This Nextflow pipeline performs automated plasmid assembly from PacBio long-read sequencing data using the Flye assembler as the core assembly engine. The pipeline implements a comprehensive workflow that includes read filtering, downsampling, assembly, consensus generation, circularization, annotation, and quality assessment.
The workflow follows a modular design with the following key components:
- Primary Assembler: Flye - optimized for long-read assembly of circular DNA elements
- Consensus Generation: Trycycler - creates high-quality consensus sequences from multiple assemblies
- Circularization: Circlator minimus2 - ensures proper circular contig formation
- Quality Control: Multi-stage filtering and validation
Length Range Filtering
- Reads length ranges from
length_ranges.csvconfiguration file - Applies size-based filtering to retain reads within specified ranges
- Helps remove very short fragments and excessive long reads that may impact assembly quality
Input Format
- Expects compressed FASTQ files (
*fastq.gz) in the specified input directory - Sample identification based on filename parsing
Downsampling
- Reduces read coverage to optimal levels for assembly
- Prevents computational bottlenecks while maintaining assembly quality
- Configurable coverage targets
Flye Assembly
- Utilizes Flye assembler specifically configured for plasmid assembly
- Optimized for circular DNA elements and repetitive sequences
- Generates initial contigs with associated assembly graphs
Contig Selection
- First selection step (
SELECT_FA1) filters contigs based on length criteria - Focuses on longer contigs likely to represent complete or near-complete plasmids
Circlator Processing
- Applies Circlator minimus2 to improve circular contig formation
- Corrects potential assembly breaks at circular junction points
- Essential for proper plasmid topology representation
Trycycler Integration
- Groups related contigs by sample identifier
- Generates high-quality consensus sequences
- Reconciles differences between multiple assembly attempts
Consensus Filtering
- Second selection step (
SELECT_FA2) ensures quality consensus sequences - Filters samples with excessive contig numbers that may indicate assembly issues
Plasmid Annotation
- Plannotate: Provides comprehensive plasmid-specific gene annotation
- Identifies resistance genes, replication origins, and other functional elements
- Generates GenBank format output for downstream analysis
Plasmid Mapping
- PlasmidMap: Creates visual representations of annotated plasmids
- Generates publication-ready circular maps
Assembly Metrics
- QUAST: Provides detailed assembly statistics and quality metrics
- Evaluates assembly completeness and accuracy
Read Alignment Analysis
- Minimap2: Aligns original reads back to assembled sequences
- PysamStats: Generates detailed alignment statistics and coverage analysis
- Replaces BAM read count analysis for improved accuracy
Comprehensive Reporting
- Summarize: Aggregates all metrics and statistics into final reports
- Combines alignment metrics with contig length information
- FASTQ Files: PacBio long-read sequencing data in compressed format
- Length Ranges: CSV file defining acceptable read length ranges
params.input: Directory containing input FASTQ files- Length filtering ranges defined in
length_ranges.csv
The pipeline generates several categories of output:
- High-quality consensus plasmid sequences (FASTA)

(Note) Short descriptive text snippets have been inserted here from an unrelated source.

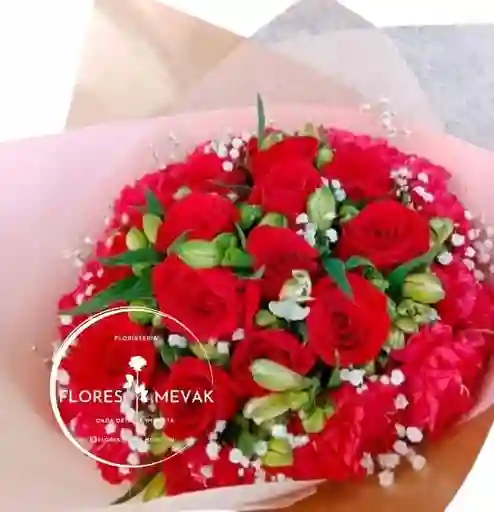 Rosas Rojas En Bouquet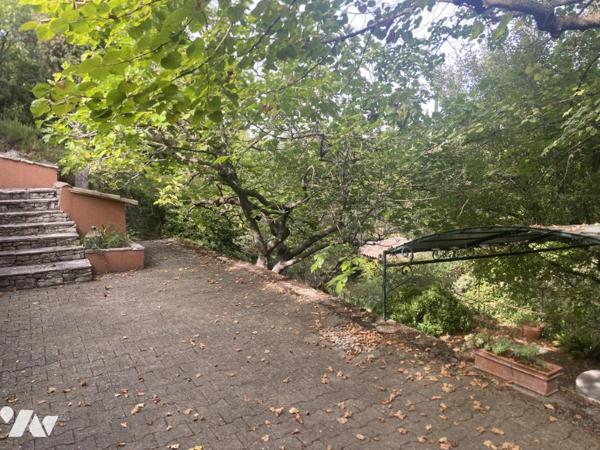 MAISON  avec garage  et piscine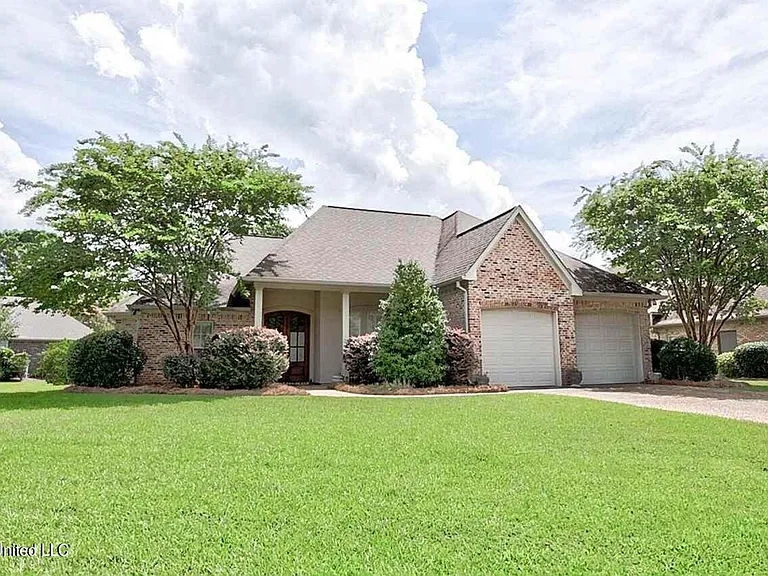 143 Sonnett Cir — Photo 1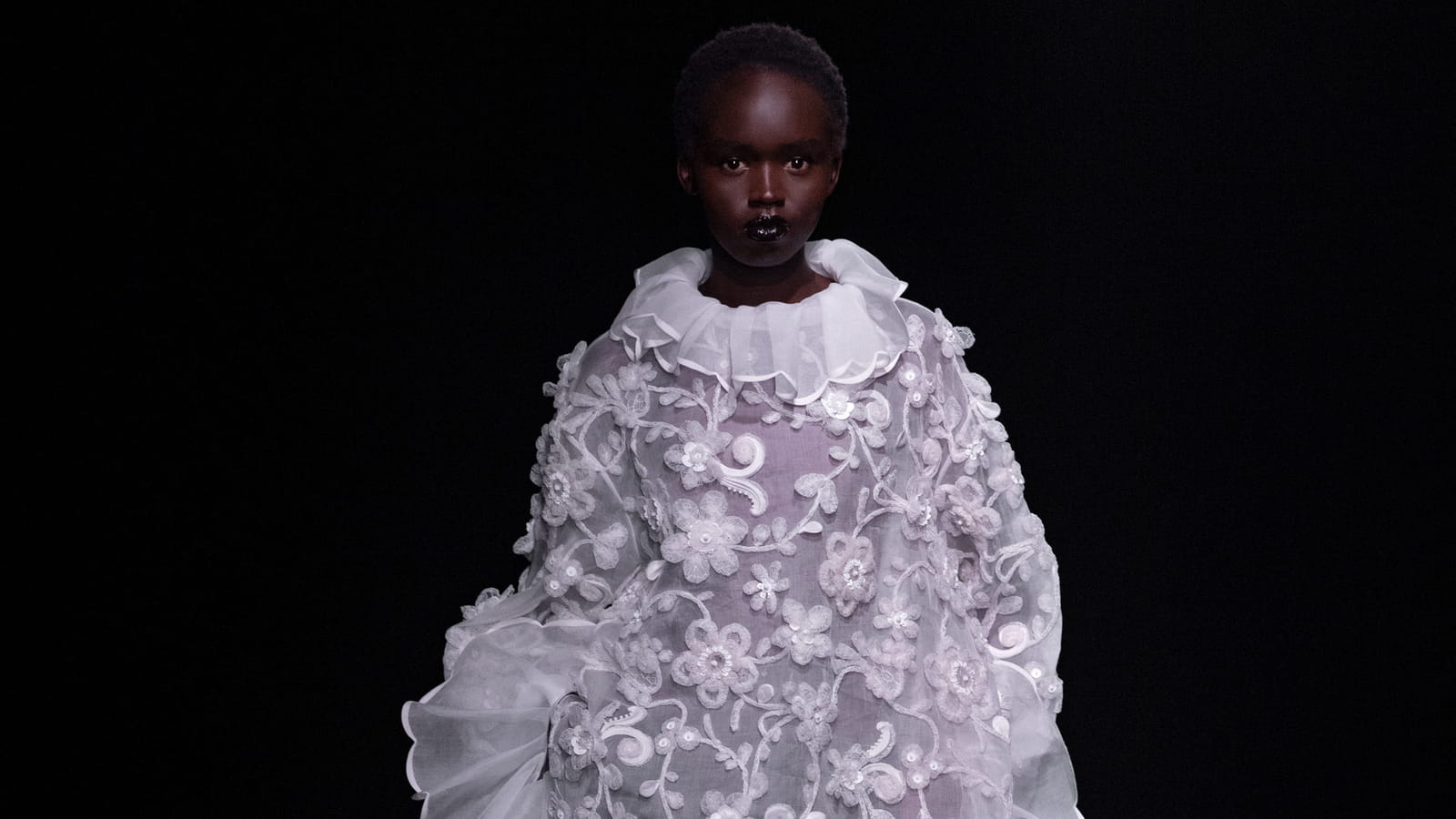 Look 37
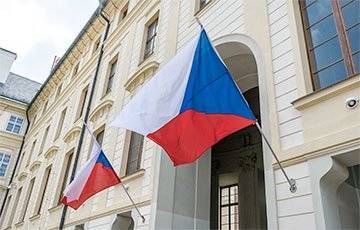 Владимир Путин - Эммануэль Макрон - Милош Земан - Прага против Москвы: конфликт дошел до президентов - charter97.org - Москва - Прага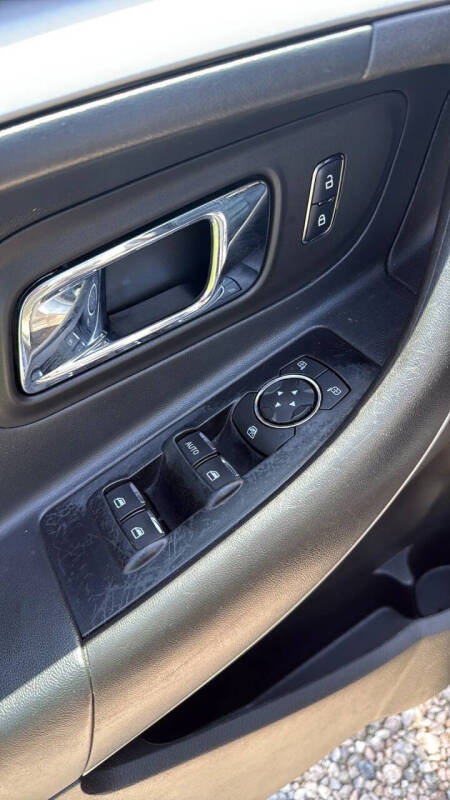 2018 Ford Taurus SEL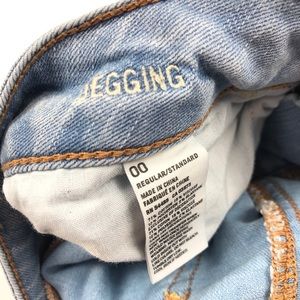 American Eagle Outfitters Jeans - American Eagle | Light Wash Skinny Jegging Jean American Eagle Outfitters Jeans - American Eagle | Light Wash Skinny Jegging Jean
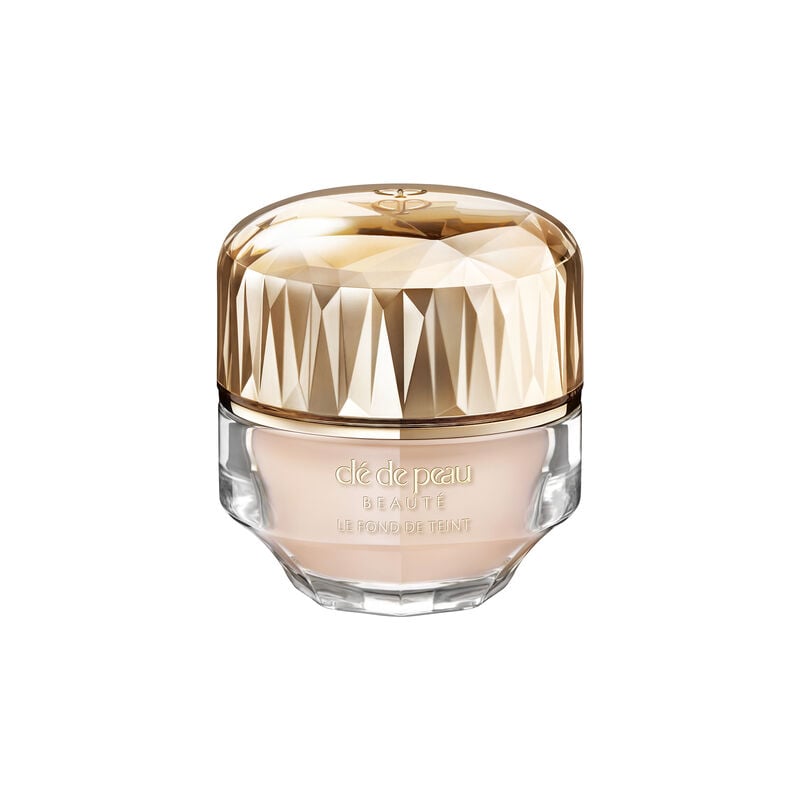 The Foundation SPF 22 by Clé de Peau BEAUTÉ - Non-toxic, STOP rated product free from harmful chemicals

- Circularized and polished contigs
- GenBank files with comprehensive gene annotations
- Functional element identification
- Assembly statistics and metrics
- Read alignment coverage analysis
- Comprehensive summary reports
- Circular plasmid maps
- Quality assessment plots
- Designed for parallel processing of multiple samples
- Memory requirements scale with genome size and read coverage
- Flye assembly is the most computationally intensive step
- Multi-stage filtering prevents low-quality assemblies from propagating
- Consensus generation improves final sequence accuracy
- Comprehensive quality metrics enable result validation
- Modular design allows for component replacement or modification
- Configurable parameters for different experimental conditions
- Supports batch processing of multiple plasmid samples
- Accuracy: Combination of Flye assembly with Trycycler consensus generation
- Completeness: Specific optimizations for circular plasmid assembly
- Annotation: Integrated plasmid-specific gene annotation
- Quality Control: Multiple validation and filtering steps
- Automation: Fully automated workflow from raw reads to annotated assemblies
- Scalability: Designed for high-throughput plasmid characterization
This pipeline provides a robust, automated solution for high-quality plasmid assembly from PacBio sequencing data, suitable for both research applications and routine plasmid characterization workflows.